The Saint Catherine of Alexandria Cathedral Parish (), better known as Dumaguete Cathedral, is a Roman Catholic church and cathedral in Dumaguete, Negros Oriental, Philippines. The cathedral is the seat of the Roman Catholic Diocese of Dumaguete and is considered as the island's oldest stone church having been completed in 1776.

History
When the parish of Dumaguete (then a pueblo) was founded in 1620, its jurisdiction covered Negros's southeastern part and the island of Siquijor. Eight secular priests initially served in the parish until 1645, with the first being Fr. Juan de Roa y Herrera. When Fr. Jose Fernandez de Septien served as the Dumaguete's parish priest, the stone church was constructed from 1754 to 1776. Also, it was under Fr. Septien's leadership when the four watchtowers at each corner of the church's lot were constructed which primarily aimed to drive away the Moros ransacking the community from the south. 

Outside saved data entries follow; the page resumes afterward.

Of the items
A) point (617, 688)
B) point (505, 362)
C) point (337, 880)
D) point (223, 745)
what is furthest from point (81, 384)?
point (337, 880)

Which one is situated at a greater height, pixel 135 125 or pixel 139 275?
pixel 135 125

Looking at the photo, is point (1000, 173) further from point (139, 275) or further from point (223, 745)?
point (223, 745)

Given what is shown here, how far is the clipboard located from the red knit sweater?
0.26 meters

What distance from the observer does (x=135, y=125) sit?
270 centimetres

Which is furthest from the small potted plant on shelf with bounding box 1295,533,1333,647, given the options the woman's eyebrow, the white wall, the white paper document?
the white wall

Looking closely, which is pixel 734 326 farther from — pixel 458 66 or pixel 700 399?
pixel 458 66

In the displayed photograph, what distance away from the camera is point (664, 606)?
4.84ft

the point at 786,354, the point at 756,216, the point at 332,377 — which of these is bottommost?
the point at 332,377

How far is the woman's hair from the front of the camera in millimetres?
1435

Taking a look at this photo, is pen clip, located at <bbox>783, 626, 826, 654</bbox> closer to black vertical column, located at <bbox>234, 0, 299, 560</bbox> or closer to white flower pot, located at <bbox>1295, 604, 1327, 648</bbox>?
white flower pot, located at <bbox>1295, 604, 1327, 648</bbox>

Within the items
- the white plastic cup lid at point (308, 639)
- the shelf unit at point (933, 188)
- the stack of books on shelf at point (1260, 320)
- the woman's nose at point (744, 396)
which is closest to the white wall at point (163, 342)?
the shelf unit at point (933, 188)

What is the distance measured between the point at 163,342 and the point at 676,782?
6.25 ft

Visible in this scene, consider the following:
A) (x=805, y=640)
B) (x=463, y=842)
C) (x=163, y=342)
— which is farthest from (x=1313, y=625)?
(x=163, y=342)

 After Fr. Septien's tenure as a parish priest in 1776, 18 more had served in Dumaguete until the arrival of the first Recollect friar to serve in the town in 1855. Between the said years, additional constructions include the church's transept, and the annex that connected the church itself to the old convent. A firecracker-caused blaze during the town fiesta of 1846 charred the entire church's wooden ceiling, altars, some of the pews, religious articles and the church organ. The said fire spared the connected convent after the people hurdled to put the fire out immediately. Fr. Antonio Moreno added sacred vestments and articles when he was the parish priest from 1859 to 1866. It was also during Fr. Moreno's time when the church was furnished with galvanized roofing in consonance with the construction of the local children's school made with stone. The full renovation of the church's flooring with fine wood and the addition of a bell tower on one of the watchtowers came under the helm of Fr. Juan Felix de Encarnacion from 1867 to 1879. In 1885, when Fr. Mariano Bernad is the parish priest, the portico was finished, and the following year, two side altars were dedicated to the Virgen de Consolacion and Saint Joseph. The whole church interior was also fully-painted and adorned with embellishments and an organ from Zaragoza was acquired in 1891.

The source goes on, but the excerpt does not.